My Dad and I were never what you would call close as I grew into a teenager and for many years while I followed my education at the university level. We had a “Cat in the Cradle” relationship. The two things we did have in common were fishing and baseball. My best memories, being with my dad, were when we went fishing. The most enjoyable times we had was sharing the radio listening to the Red Sox.
We never talked much and seemed to both enjoy the moment. Dad was a man of few words and many deeds. The only baseball we watched was on the radio or TV, we never went to a professional baseball game, or so I thought.
"It is a clear, blue, sunny, summer day. I hear someone shouting “PEANUTS! CRACKER JACKS!”. There is a sudden, loud CRACKING sound and I see a batter, the catcher, and an umpire looking at a ball traveling into the bleachers along the first base line."

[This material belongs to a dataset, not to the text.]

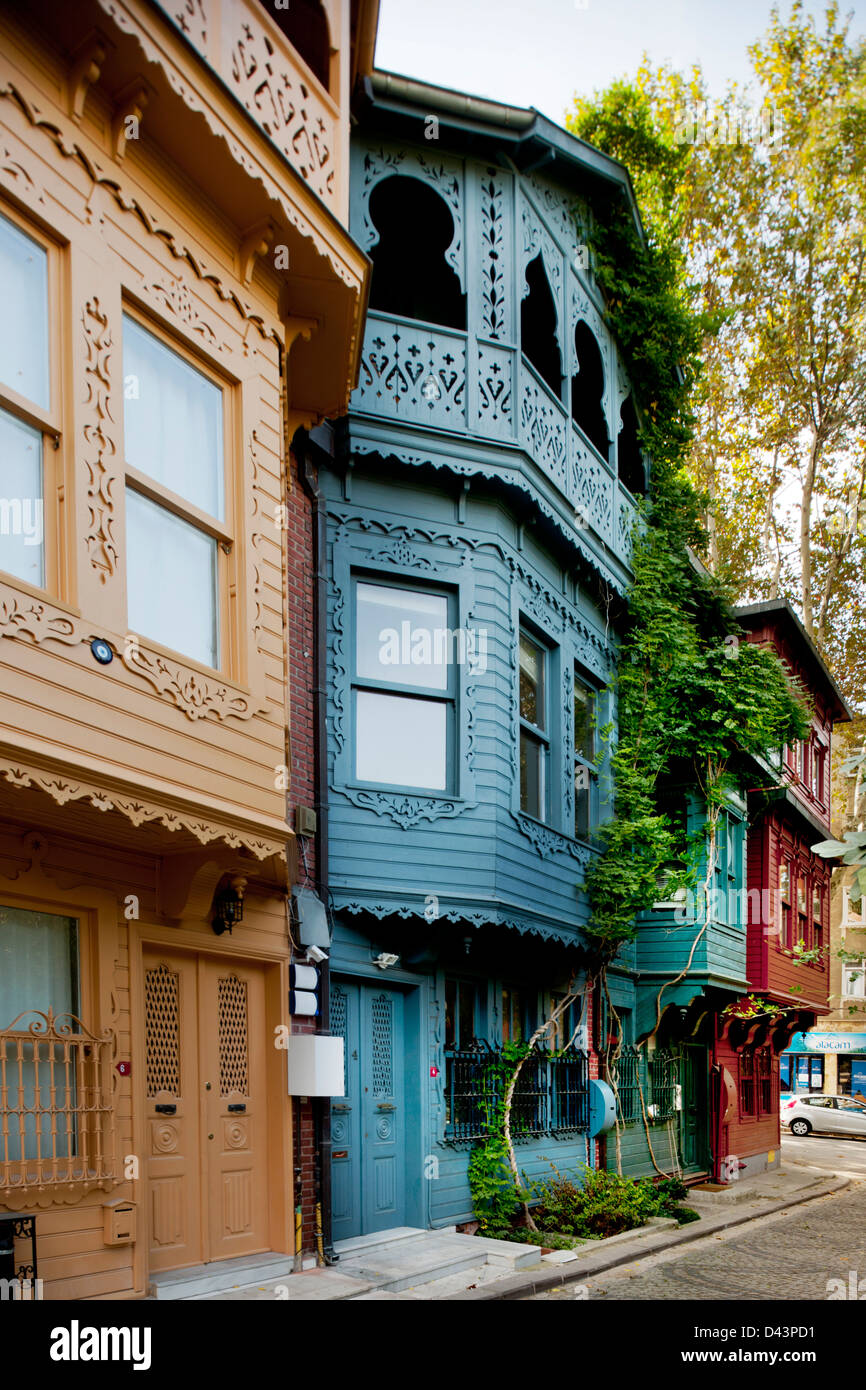 Wooden ottoman building istanbul hi-res stock photography and images ...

This memory fades away. There are no threads attached to it. It is just a vision of three individuals seen from behind the backstop screen slightly from the right side of the plate.

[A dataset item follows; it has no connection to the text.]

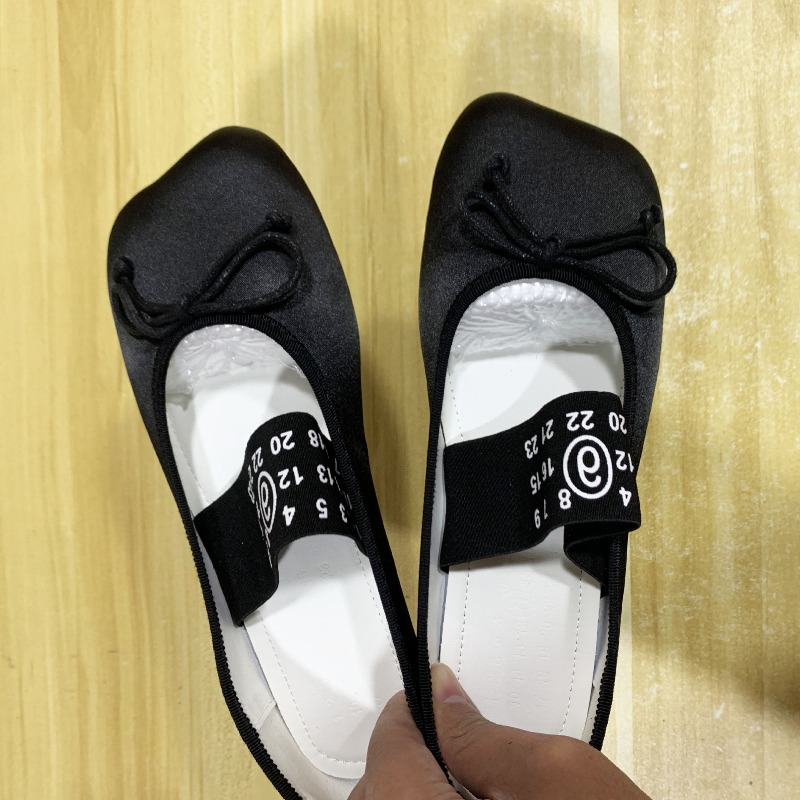 Novos Sapatos Mary Jane Femini - Womens Heels avaliação e preço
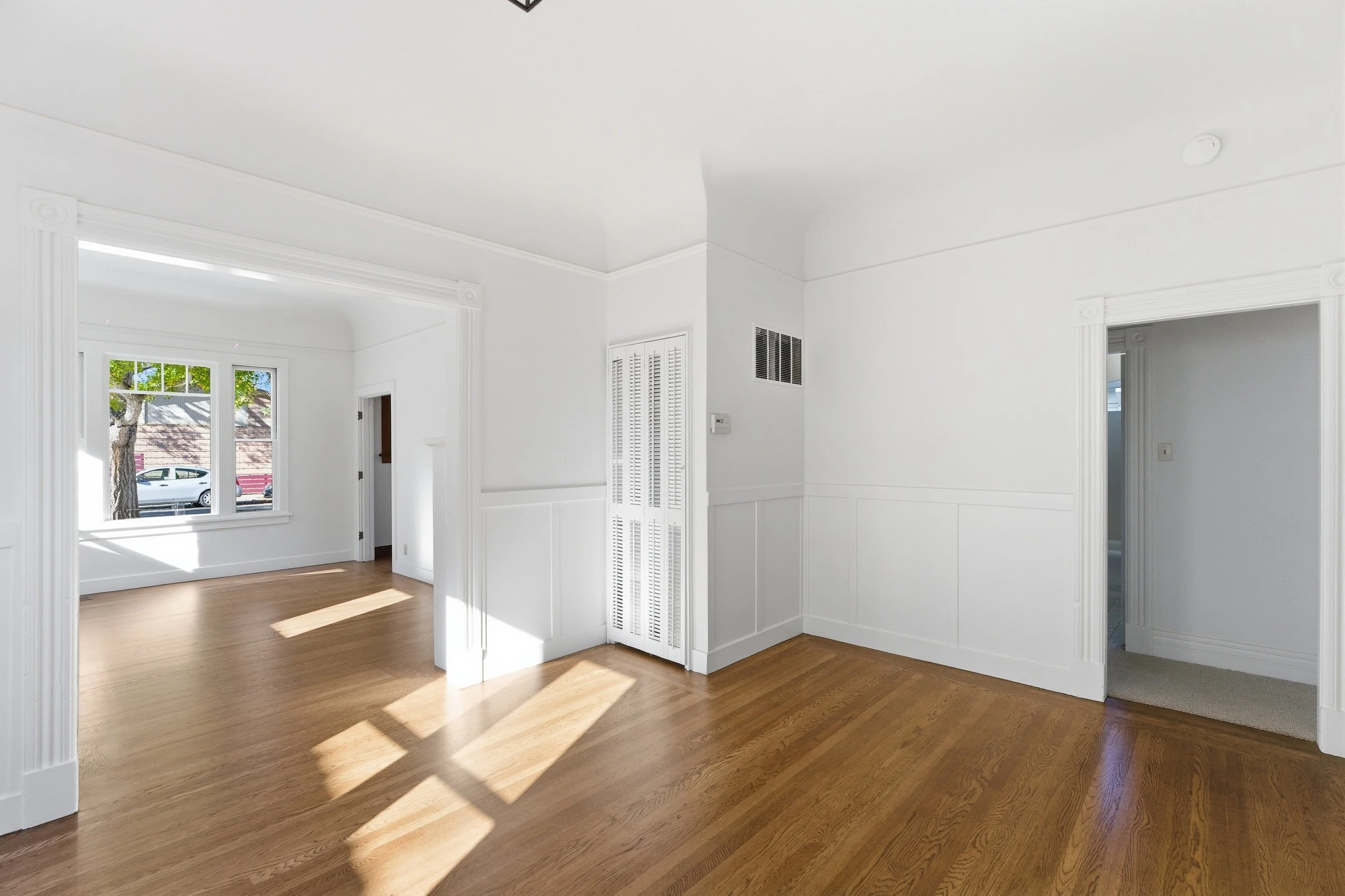 1 3 566Addison_DiningRoom_2.jpg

Over the years this vision returns from time to time. It is clearest whenever I go watch a baseball game and I am sitting behind home plate. Is it part of a dream? Did it really happen? I have no way of knowing.
Then in the summer of 2008 my wife and I are helping my mother move to Canada. I am an only child and now at 91 years of age she finds it to difficult to live on her own.

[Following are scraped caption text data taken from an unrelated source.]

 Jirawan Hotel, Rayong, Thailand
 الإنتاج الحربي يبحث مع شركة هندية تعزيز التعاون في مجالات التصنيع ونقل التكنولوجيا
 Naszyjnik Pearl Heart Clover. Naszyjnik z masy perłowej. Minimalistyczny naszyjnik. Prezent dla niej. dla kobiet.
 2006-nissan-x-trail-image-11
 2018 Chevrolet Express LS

We have to go through years of accumulated history, that she and Dad had gathered in over 60 years of marriage. We had done Dad’s things 12 years ago after he had died and now it was Mom’s time.
“What’s this?” I ask myself, as I pull out an old baseball box. The box holds an equally old baseball with a player’s signature on it. The ball also has printed on it the name Ford Frick. Frick had been the president of the National League back in the 1940’s. H’mmm could this be? At the bottom of the draw is an old brown envelope. I open it and inside is a team picture of the 1946 Philadelphia Phillies
I gather the two items and head for the kitchen.
“Mom, can you tell me anything about these?” I show her the ball and picture and she smiles.
“Oh” she says, “Your dad brought them home the day he took you to a baseball game in Philadelphia,” she tells me.
“When was that?” I ask.
“The year he helped in the commissioning of the Valley Forge.” She answers, “That would have been in 1946.”
So there it was! Not a vision or a dream, it was REAL! I would have been four going on five. Just then another memory came to the surface. A memory of a big ship, a steep ramp, a huge cake and some broken airplanes, but that memory is for another story for another time.